The Go-Ahead Plan is a Group plan for related companies where risks are shared. The overall costs of the Go-Ahead Plan have been recognised in the Group's financial statements according to IAS 19. Each of the participating companies accounts on the basis of contributions paid by that company. The Group accounts for the difference between the aggregate IAS 19 cost of the scheme and the aggregate contributions paid.
During the year ended 30 June 2012, the Wilts and Dorset Pension Scheme, and the Southern Vectis Group Pension Plan merged into the Go-Ahead Plan.

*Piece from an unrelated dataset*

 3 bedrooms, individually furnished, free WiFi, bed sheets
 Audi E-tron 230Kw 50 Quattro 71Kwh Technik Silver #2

These were defined benefit schemes which were externally funded and contracted-out of the State Second Pension Plan. A defined benefit plan which existed for employees who transferred from East Thames Buses, also transferred to the Go-Ahead Plan during the year ended 30 June 2012. All transferring schemes were closed to new entrants. The Go-Ahead Plan remains structured as a pooled arrangement, with no sectionalisation of the assets and liabilities attributable to the transferring schemes. Members of the transferring schemes were provided the same benefits for past and future service in the Go-Ahead Plan as they had previously been entitled to.
Other pension plans
Some employees of Plymouth Citybus have entitlement to a Devon County Council defined benefit plan. This scheme is externally funded. Contributions to the scheme are assessed in accordance with the advice of an independent qualified actuary. This scheme is now closed to new entrants.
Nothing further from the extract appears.